You may recall I have a friend Bridget who we met on holiday. She and her husband sat on the coach in front of us, and while he studied a map of Jordan she knitted. We got on very well, and she introduced me to many things including marvellous patchwork, knitting and weaving. Bridget also kindly follows this blog and when I mentioned a desire to learn to weave she pinged me an email.

“I spent last Saturday with my 10-year-old niece and we wove a scarf in a day – she did it from beginning to end – starting at 11 and finishing by 6. If you fancy that, it would be lovely”.

So last Sunday Nick and i went to see our friends. Bridget’s husband is a bell-ringer, and her son is great fun and works with one of my board members,  so there was plenty to talk about while Bridget and I escaped to her workroom at the top her house. First she showed me some very fine examples of her own work – a silk cushion and a beautiful scarf she made for her late mother. The colour work was gorgeous and the very even weave impressive. My standard was set by a ten-year old however, so I was focused on getting the basics right and then working against the clock. Nick was in charge of lunch and cooked home-made pitta bread, lamb and salad.

Bridget’s loom was found in an attic and gifted to her. When I last saw it, it was in pieces and looking rather sorry for itself. But recently she had had it overhauled, and while all the fittings were in nylon rather than the original cotton bindings, it was sitting waiting for me at 10am.

The loom

I had read that for beginners the foot pedals are much easier to use than a table loom, but they do take up quite a lot of space and are a rather expensive piece of equipment. Bridget wrote:

“Mine is a four-shaft floor loom, 28 inch wide. And sometimes bits fall off, but we can sort it out. I think we should aim for a couple of metres about 30cms wide. I have two reeds, one 12 parts per inch, the other 6 parts. If we use the 6 parts then we will have a loose weave, but we will achieve something and I am all for results.

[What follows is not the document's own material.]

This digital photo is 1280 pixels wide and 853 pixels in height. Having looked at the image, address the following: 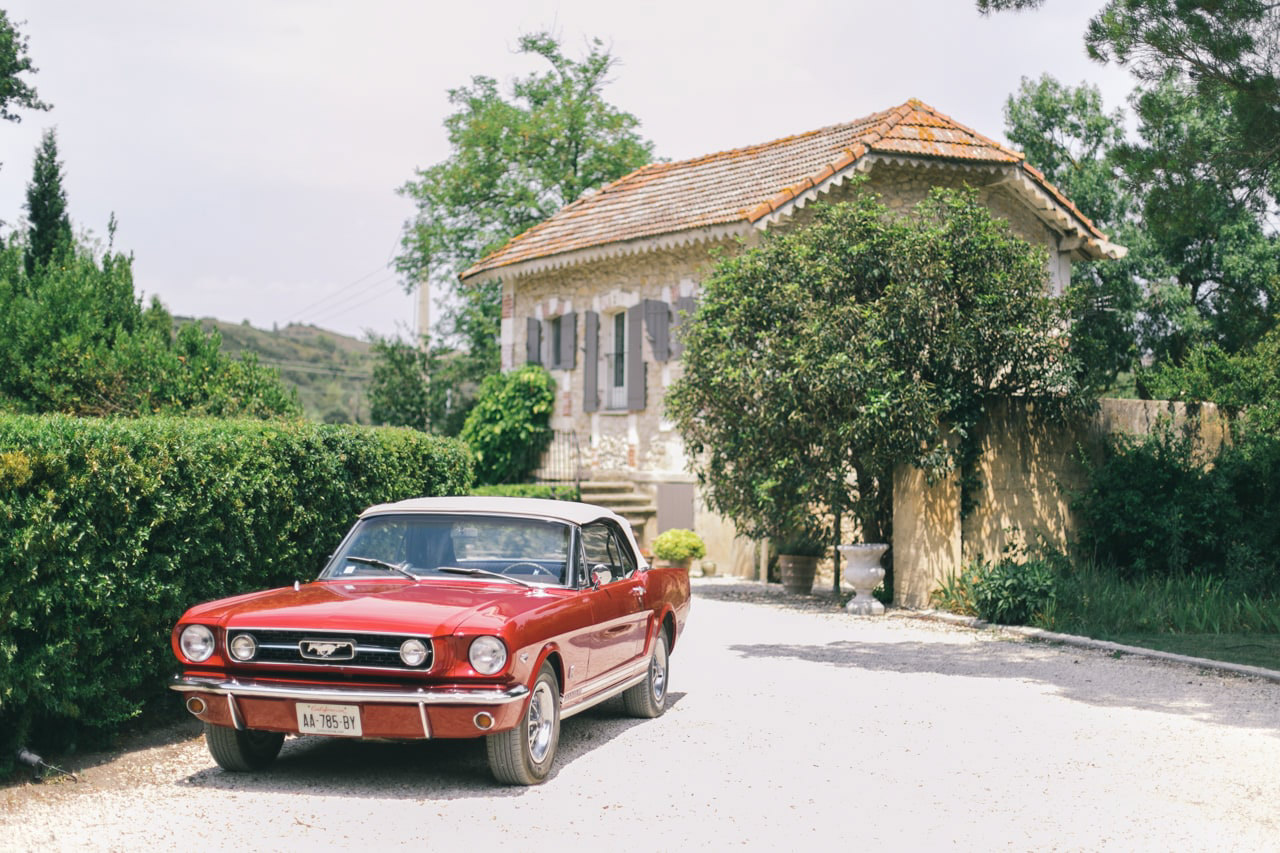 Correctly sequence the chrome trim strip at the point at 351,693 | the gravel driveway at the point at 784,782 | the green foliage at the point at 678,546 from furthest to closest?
the green foliage at the point at 678,546
the chrome trim strip at the point at 351,693
the gravel driveway at the point at 784,782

On the warp we need 6 times 15 (say 14”/30cms) and double up for the selvedge times 2.5metres – and that will be our warp – so bring whatever four ply you have and we can organise it. It does need to be the same material as otherwise they stretch differently and that is complicated.”

Absolutely none of this made any sense before I got there, but it does now. I took cotton yarn as I had rather alot of it – a gift from my dear friend Jo – and I thought the wonderful deep teal blues might make a nice scarf. Plus I also had a 50p cone of red cotton yarn that I found in the Salvation Army shop in Walthamstow. Bridget did some calculation of how many threads we would need and we use a fiendish piece of equipment made by her husband. We included two types of teal and a stripe of red. Obviously those who love fabric will have worked out that weaving gets some of its uniqueness by having a variety of warp as well as weft threads. That flash of red looked so nice next to the blues. Bridget was very careful with the counting, using a little pink thread to hold it all together before moving it over to the loom.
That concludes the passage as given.